Personally, I don't believe art directly reveals anything of particular use about "great truth". In fact, it is rather a celebration and deliberate exploration of empirical experience. The works you list above are, most importantly, about the emotions and minds of the artists. Ulysses is about Joyce, The Mona Lisa is about Da Vinci, and the 9th is about Beethoven. Each is a particularly outstanding and successful effort on the part of the artist to communicate his own perception of things.
...don't you find that your emotions are highly unreliable in getting to the truth?
Because I think art is the attempt to express empircal, idiosynchratic, subjective experience articulately I see it as an extremely important stage in any person's development. It is a deliberate attempt to overcome the differences in perspective and experience we percieve to exist between ourselves and others. I believe that most artists are shooting for the goal of directly inducing other people to have the same emotional experience of things that they have had, as a way of bridging the gap between themselves and others.

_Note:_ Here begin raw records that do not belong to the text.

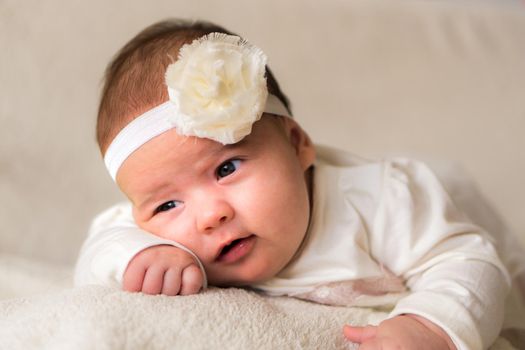 Childhood, motherhood, emotions, fashion concepts - Cute smiling happy chubby baby close up little girl in beautiful white dress flower headband on head lying on soft warm bed on her tummy at home.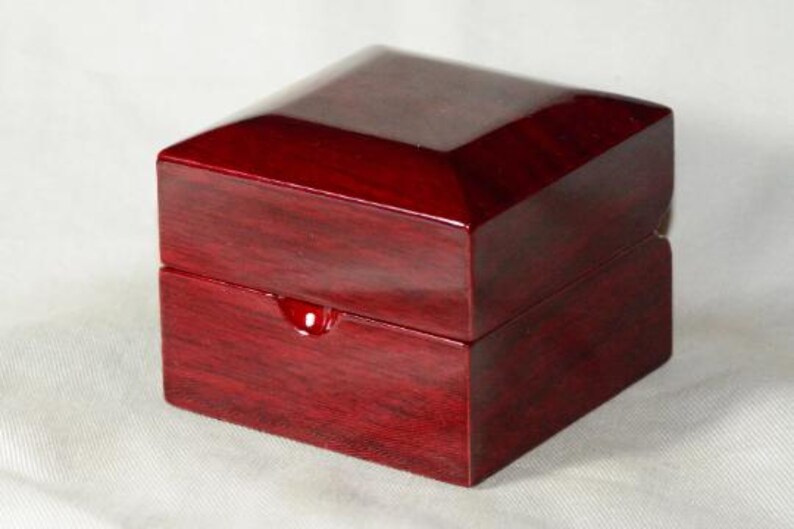 May include: A square, wooden box with a glossy, dark red finish. The box has a hinged lid and a small, rounded indentation on the front. The box is likely used for jewelry or other small items.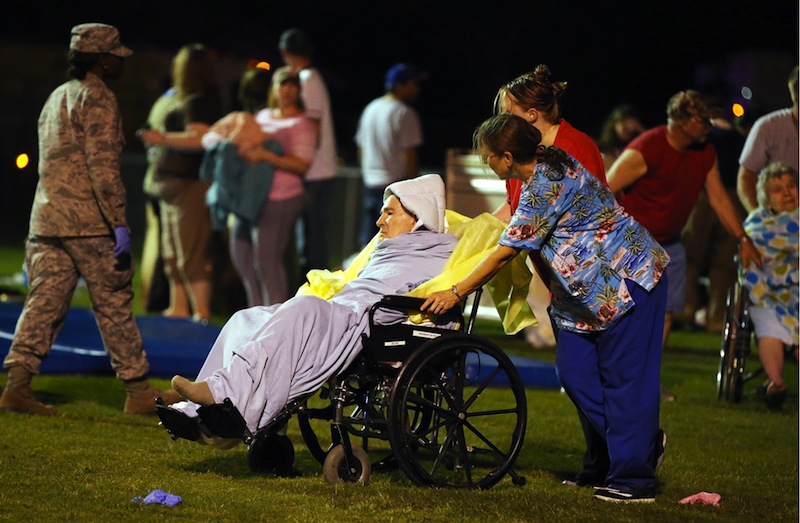 Emergency workers assist an elderly person at a staging area at a local school stadium Wednesday in West, Texas, following an explosion at a fertilizer plant near Waco.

I agree with Kerrie in viewing your desire to get to the truth, as an essentially emotional urge. The concept of discovering truths about the world around you is really only important to you because it stirs you up emotionally, and motivates you, as Kerrie says, to go looking for those truths.

At this point you are much more interested in larger truths, ones that exist outside of any given individuals limitd view and circumstances, ones which are circumambient, rather than what are the idiosynchratic misperceptions that emotions can cause.

Kerrie says:
i make many different things that are as unique and beautiful as i can make them...
which points out one of the benefits to the artist of the artistic process, which is undertaking the discipline required to make things come out such that they are about what the artist intends then to be about, and not something else.

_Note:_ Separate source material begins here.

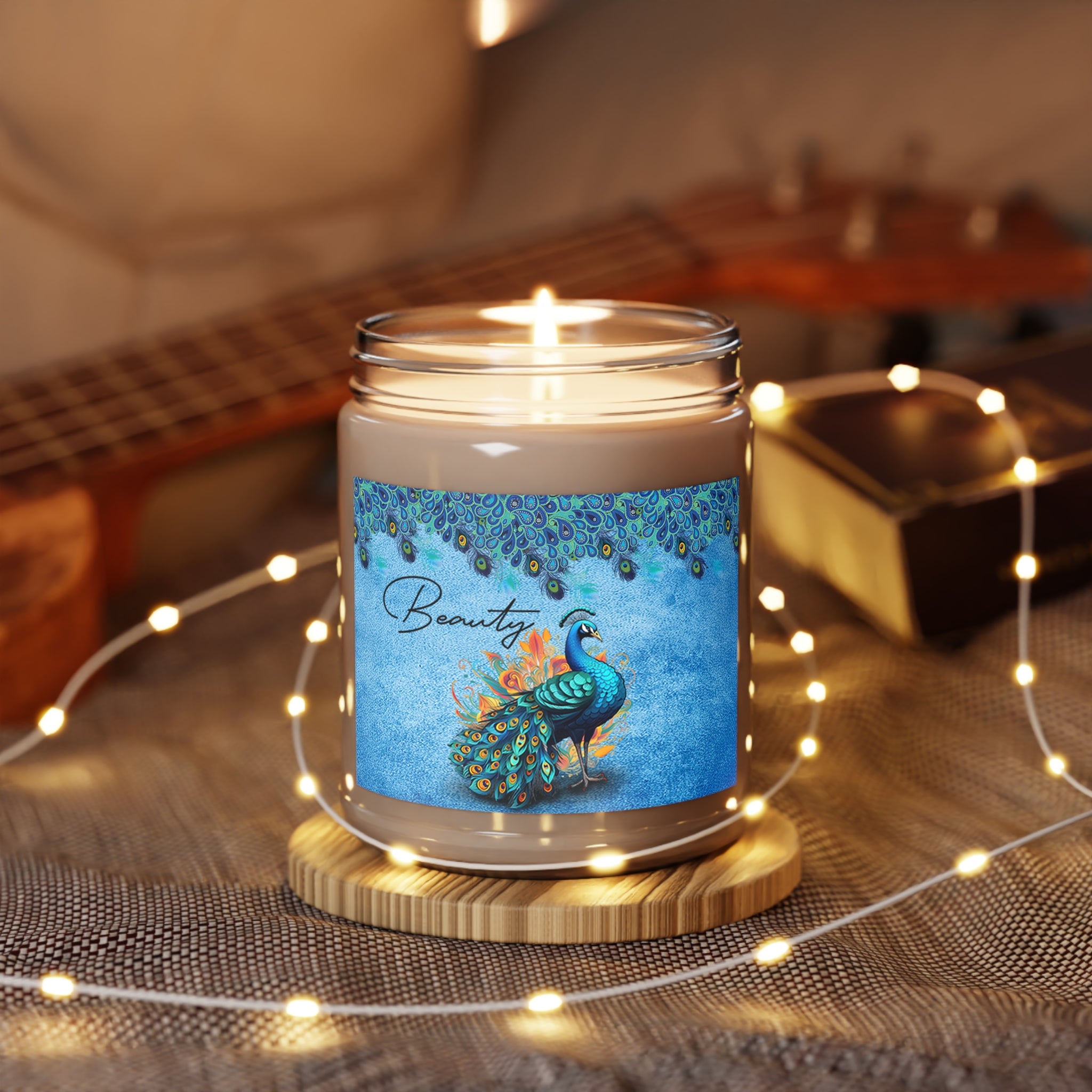 Candle with a peacock design label on a wooden coaster, surrounded by string lights and a guitar in the background.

In order to capture a personal perspective the artist is required to a large extent to step outside it, examine it more objectively and make decisions about how to express it.

Then there is the command of the medium to master. You can't make a clay pot without learning something about clay, things you never realized, and a great deal of behind the scenes discipline is acquired by the demands of the clay to let go of your preconceptions and handle it on its own terms.

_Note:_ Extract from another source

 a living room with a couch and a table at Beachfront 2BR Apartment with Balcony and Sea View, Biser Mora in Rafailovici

In this way, on a small scale, the quest to express one's individual experience leads to the experience of greater, extra-individual truths.
 
  • #11
What better way to reveal our dreams, to realize our feelings or to stimulate inner passion but through art? Recall the painting your imagination resonates with, an old song that brings tears of memories to surface, or the craziness of Ulysses shifting from prudish dactylic pentameter to rude Anglo-Saxon barking! The component of communication, the sensory stimulation, and the creative source which makes our life bearable, even beautiful, they are all art.
 
  • #12
Art is personal. The reason that certain artists are "better" than other artists, is that more people are personally affected by the "good artists" than the "hacks."

I never got much of a kick from poetry, nor from paintings or sculpture or other "physical" art forms, but there are few things that I can do that make me feel better than playing a difficult piece by Bach on the Piano. I am no closer to understanding anything other than the fact that I am experiencing a thrill in being alive. I assume that other people feel similar when experiencing other "arts."

If you experience absolutely no such thrill in any form of "art," then probably any logical argument will fail to convince you of its worth. But if that's true, I really would feel sorry for you more than anything else.
 
  • #13
zoobyshoe said:
I agree with Kerrie in viewing your desire to get to the truth, as an essentially emotional urge. The concept of discovering truths about the world around you is really only important to you because it stirs you up emotionally, and motivates you, as Kerrie says, to go looking for those truths.

I can agree with this, too. All humans are emotional. Science stirs up emotions in me. But science satisfies my intellectual curiosity as well. It answers or attempts to answer the "why" and "how" questions. Art seems to me to be emotion for emotion's sake.

I believe that most artists are shooting for the goal of directly inducing other people to have the same emotional experience of things that they have had, as a way of bridging the gap between themselves and others.

So, in other words, art is the objectification of emotion? But that's a hopeless task. Emotions are purely subjective. How do I, as an artist, know that what you're feeling through my work is what I wanted you to feel? You can describe your feelings to me, but I still won't know what you really felt.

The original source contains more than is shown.